▸ WHAT TO PRODUCE: From the line containing "Cart 4 New Orleans" through the last line of the records below, output every line exactly, both ends included, except the pictures.

▸ TASK INPUT:
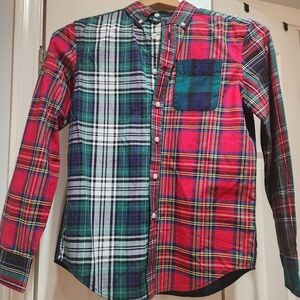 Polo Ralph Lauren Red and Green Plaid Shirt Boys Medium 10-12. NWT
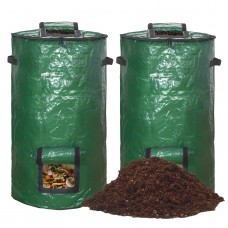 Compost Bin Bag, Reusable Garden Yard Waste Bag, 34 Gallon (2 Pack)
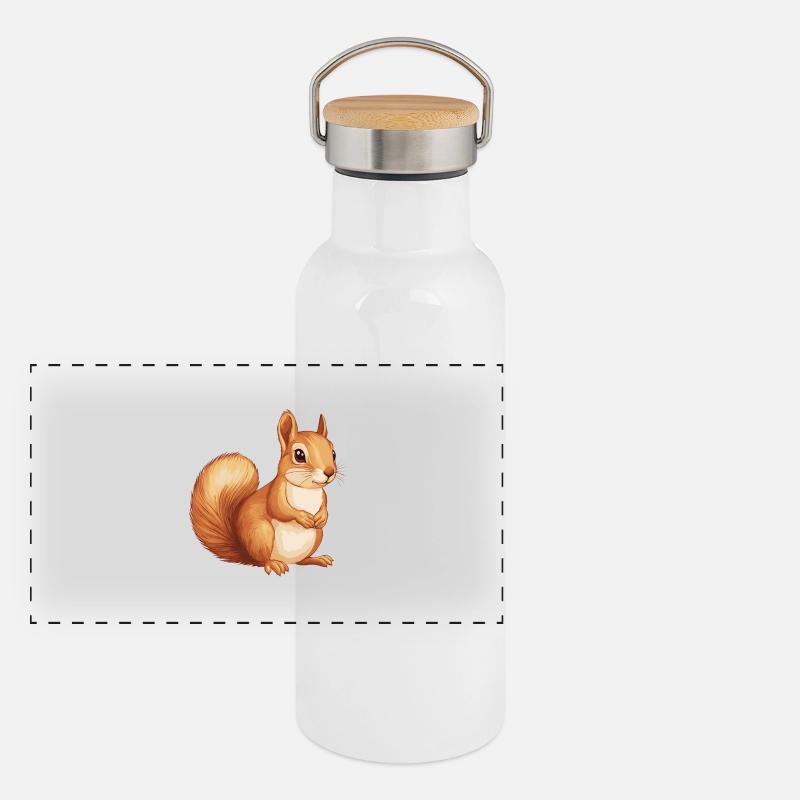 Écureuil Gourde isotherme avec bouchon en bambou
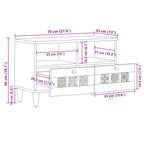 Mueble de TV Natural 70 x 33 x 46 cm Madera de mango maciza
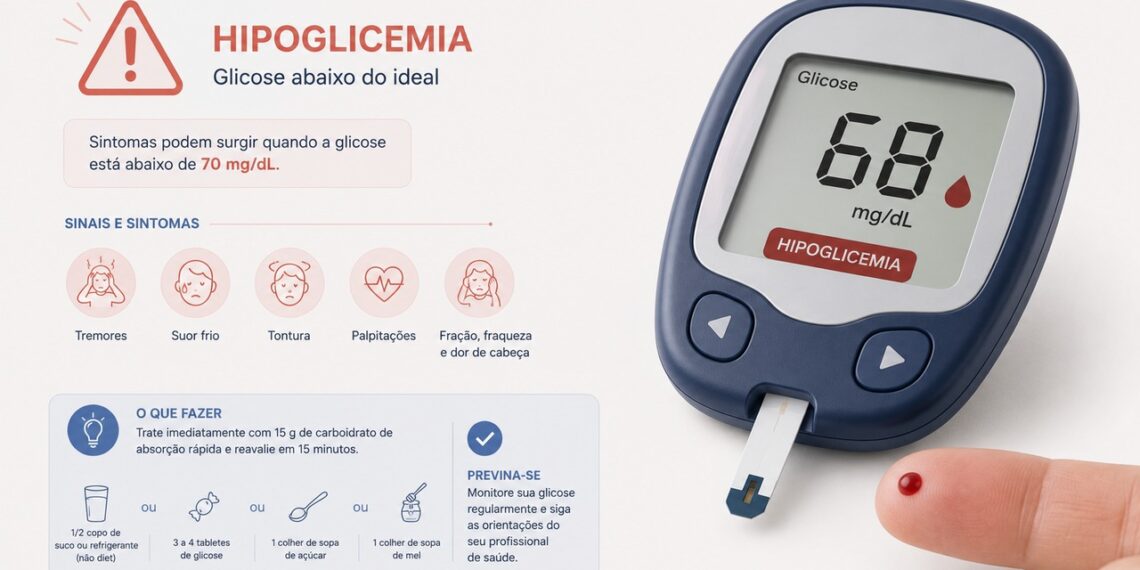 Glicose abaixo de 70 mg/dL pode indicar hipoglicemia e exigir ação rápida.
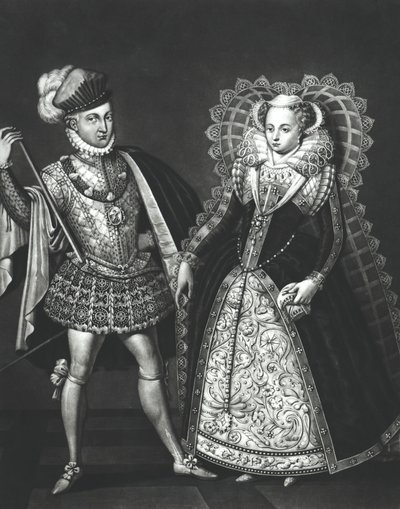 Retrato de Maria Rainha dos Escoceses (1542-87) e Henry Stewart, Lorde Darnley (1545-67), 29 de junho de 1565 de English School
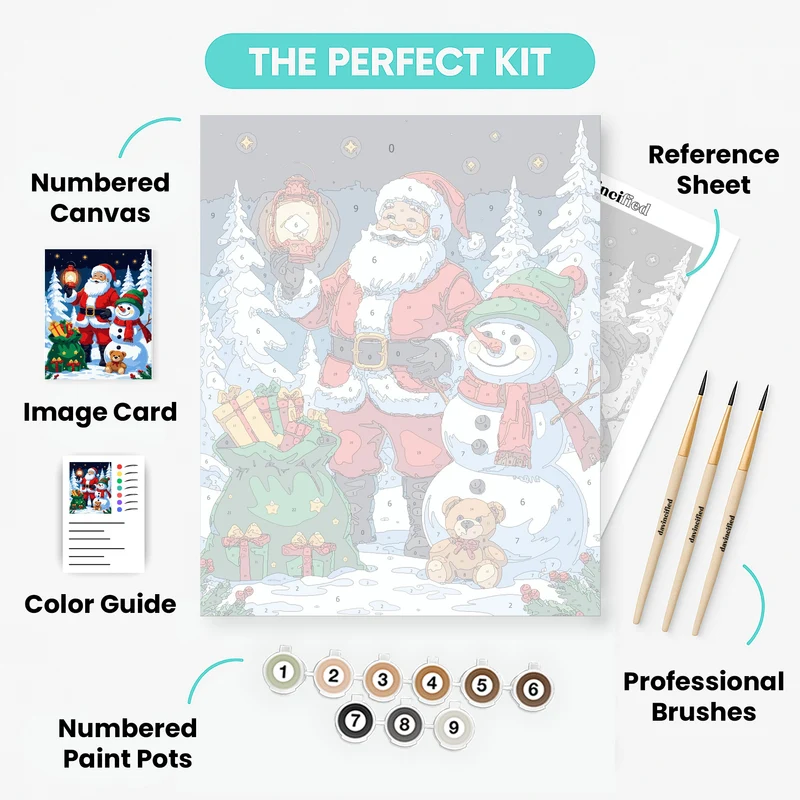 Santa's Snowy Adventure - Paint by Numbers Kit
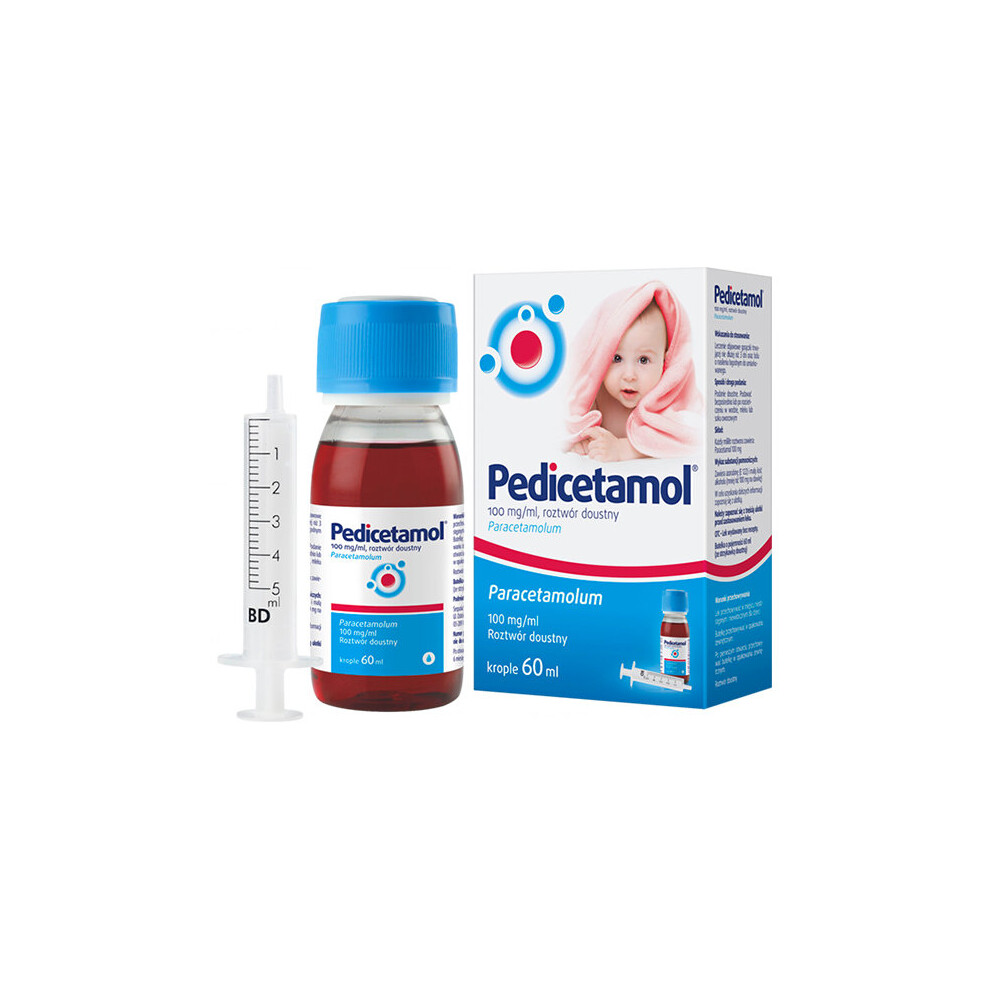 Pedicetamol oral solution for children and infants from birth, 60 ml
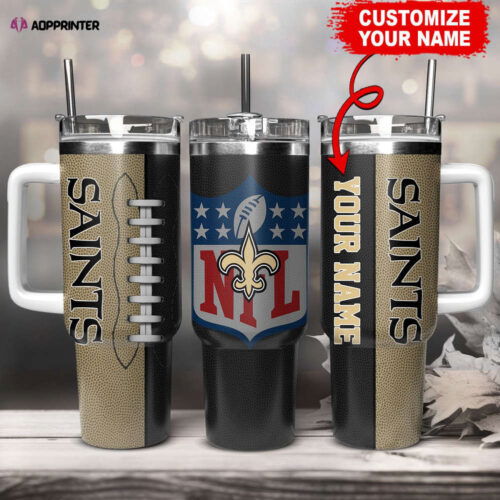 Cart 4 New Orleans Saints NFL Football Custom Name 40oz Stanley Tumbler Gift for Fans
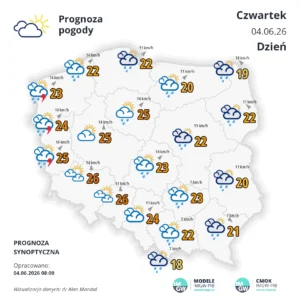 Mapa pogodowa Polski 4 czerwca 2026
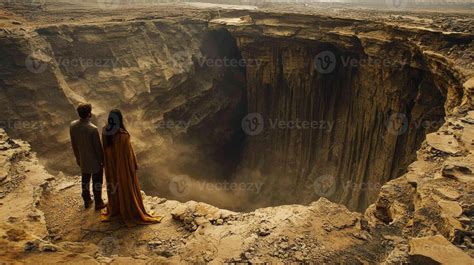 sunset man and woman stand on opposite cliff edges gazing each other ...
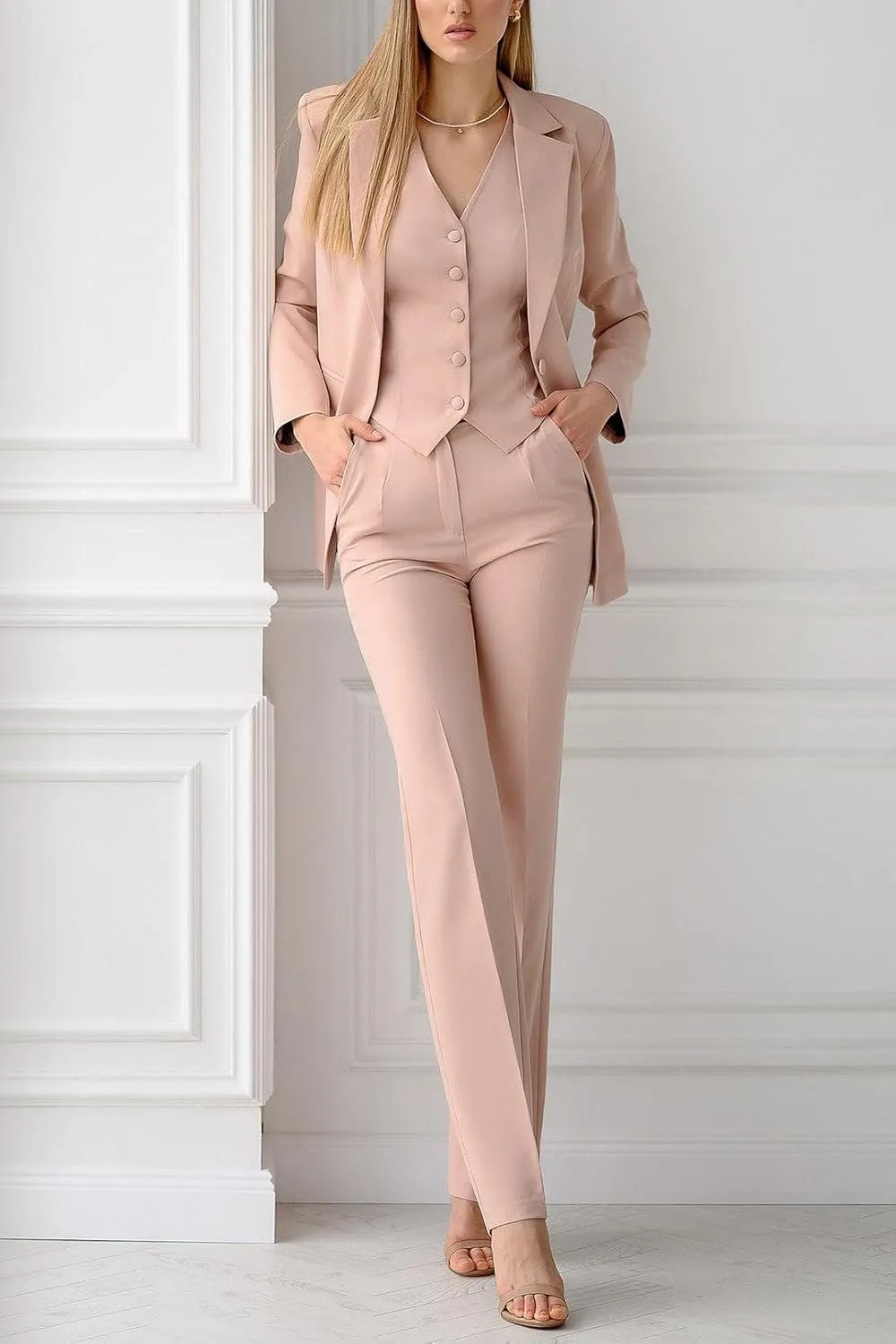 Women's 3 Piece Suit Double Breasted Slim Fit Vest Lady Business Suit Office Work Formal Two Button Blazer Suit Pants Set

▸ SOLUTION TO THE PROBLEM:
 Cart 4 New Orleans Saints NFL Football Custom Name 40oz Stanley Tumbler Gift for Fans
 Mapa pogodowa Polski 4 czerwca 2026
 sunset man and woman stand on opposite cliff edges gazing each other ...
 Women's 3 Piece Suit Double Breasted Slim Fit Vest Lady Business Suit Office Work Formal Two Button Blazer Suit Pants Set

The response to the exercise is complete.